If day two was the longest (so far), then day 3 was by far the hardest! All of the rest of the way along Loch Lomond – except for maybe a mile of high road – was spent scrambling over roots, rocks, and mud puddles. It made for very slow going. Up until now we’ve averaged near to 3 miles an hour (and would normally be even quicker without the packs!) but this section to Inverarnan had us struggling to get close to two an hour!
Like day two, the path from Rowardennan to Inverarnan followed the loch shore quite closely with the exception of an option for the first mile or so to take a high road. We did, and we were very glad of it ultimately as it was a bit hilly, but quite a pleasant walk before the rest of the morning settled into scrabbling along the shore on the way up. We later found out that the low road was much the same as the rest of the way – tricky and scrabbly with or without packs.

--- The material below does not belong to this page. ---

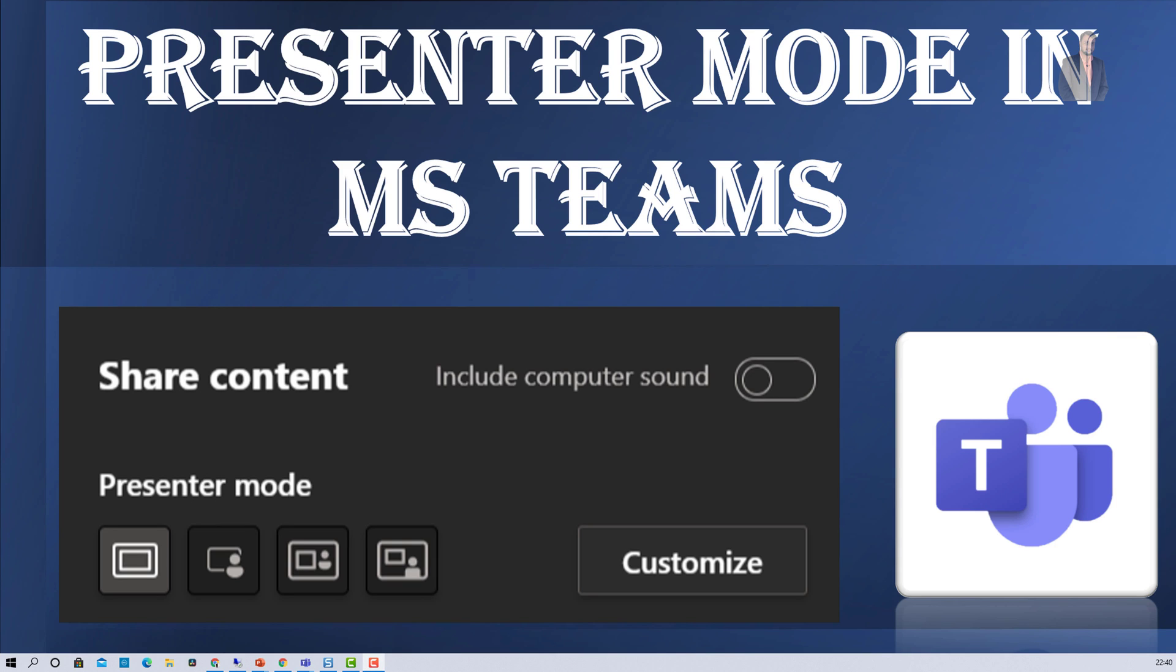Hey Makers, this is Thruveen and today I am going to talk about Presenter Mode in Microsoft Teams. Microsoft Teams provides different types of presenter mode for professional presentation experience during your calls. So let's explore this feature in detail with me.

After a couple of hours – just as the exhaustion truly starts to set in – the path weaves up and away from the Loch, across a waterfall and into the tiny village (/hotel and car park) of Inversnaid. We stopped here to eat the packed lunches we’d bought from the hostel in Rowardennan. As we were finishing up, the McMillan charity walkers caught up, and shortly behind them the two German girls who we’d chatted with the previous couple of evenings. We hung out with them for a bit before plugging on again on the trail to Inverarnan and Beinglas Campsite, with the terrain staying just as tough as it had been before, until we finally veered east at the top end of Loch Lomond.
These final few miles to the glamping huts at Beinglas weren’t much more than goat tracks but it made for a much quicker finish to the 13-odd mile day. The trail runs right into and through the campsite (with the town of Inverarnan a few hundred metres off the way) so it made for an easy stopping point to get our stuff down and settled into our little hut. Then we got showers, pints, and dinner in the campsite pub. I’d been told wonderful things about the Drover’s Inn in Inverarnan proper, but after another long day we just didn’t quite fancy the extra 300-odd metre walk when there was decent beer in the local!
We sat with a retired English couple who we’d bumped into a few times along the way and traded various travel stories, international adventures and (in their case) a few surprisingly entertaining twitching escapades! Then finally (around 9 or so) made our way to our sleeping bags before the next day’s hike further North to Tyndrum.